Work instruction: All lines below between the line with "Gardener — Rashguard + Shorts Set" and the line with "Chitarra Ibanez GRGR131EXBKF", including both, must be copied exactly, and the pictures must be omitted.

Data extract:
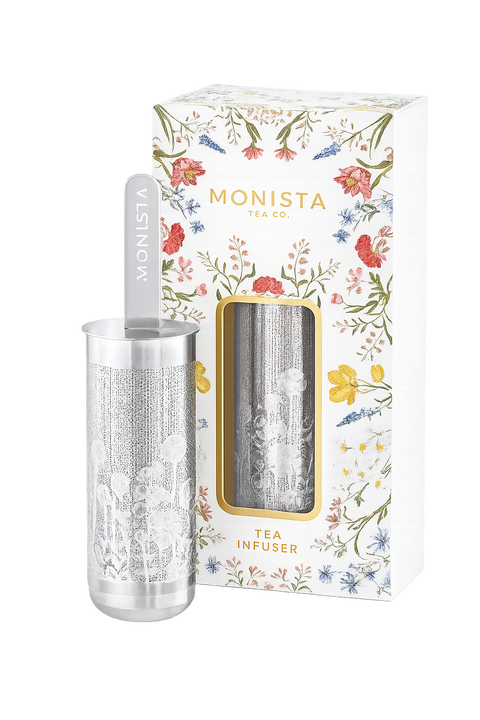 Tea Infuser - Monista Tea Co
---
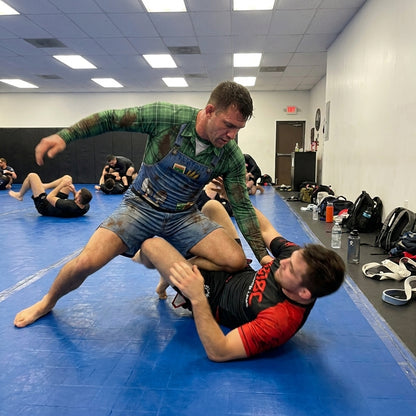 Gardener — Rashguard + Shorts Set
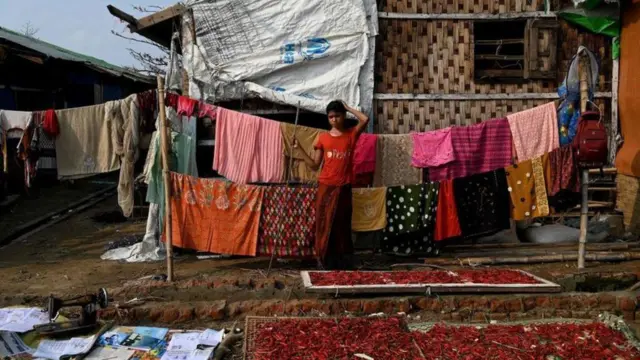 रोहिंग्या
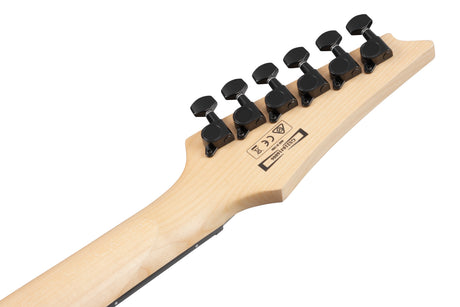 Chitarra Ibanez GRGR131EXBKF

Task response:
 Gardener — Rashguard + Shorts Set
 रोहिंग्या
 Chitarra Ibanez GRGR131EXBKF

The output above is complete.